Poem of the Week | February 06, 2011
Steven Lance: "South Dakota"
This week we are delighted to feature Steven Lance’s poem “South Dakota.” The poem is previously unpublished. Steven Lance graduated from UC Berkeley in 2009. Since then, he has been driving around the country, teaching creative writing and ESL, writing press releases for an art gallery, and busking at the farmer’s market. His poems have appeared in Berkeley Poetry Review, CLAM, Art House Riot, and Vertebrae Journal.
Author’s Note:
In this series I was trying out an old method of writing significance into spaces: by connecting them with prominent men. In classical applications of the technique, these men get their faces on road signs and fill the function of municipal hearth-god, grand marshal. “Calvin Coolidge slept here.” “St. Cyprian’s relics beneath the cathedral.” I wanted to write an alternative America of accidental patronages. I made a rule for the project that each state would be associated with one saint and one president; something arbitrary, such as alliteration, would decide the matches. I thought of Tolstoy, and knew I would need his help. So he appeared in every state, especially this one. When I think of South Dakota, I’m intrigued by the contrast between the Badlands’ inhuman beauty and the monumental anthropomorphism of the Black Hills. Bringing Sebastian and Harry Truman together here led the poem to consider unintelligible violence and its origins, and to end on a larger scale than the others.
South Dakota
When St. Sebastian was buried they made sure the coffin
was mostly transparent so you could look in and see all the
arrows and wonder what that must have felt like. “Here lies Jack Williams.

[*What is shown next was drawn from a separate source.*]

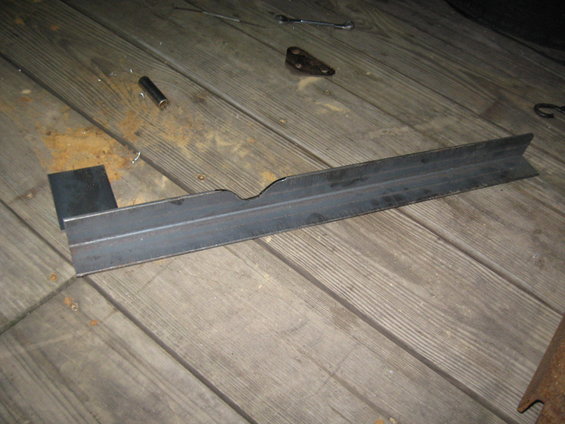 Metal bracket on wooden deck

He done his damnedest.” I always thought that was the best epitaph that a
man could have, Harry S. Truman said, and with tears in his eyes. The S
stood for nothing, he later admitted to LIFE. The patron saint of archery
inherited Roosevelt’s nuclear program and none of his cigarette holders.
Later, as the clouds rose higher, and the arrows and their silvery wingtips
reflected a wonderful orange. “What is the cause of historical events?
Power. What is Power? Power is the accumulated will of the masses
transferred to a given personage.” Even Tolstoy couldn’t stop himself
from humming along, and with tears in his eyes, when the chorus of angels
appeared behind him, singing The White Cliffs of Dover.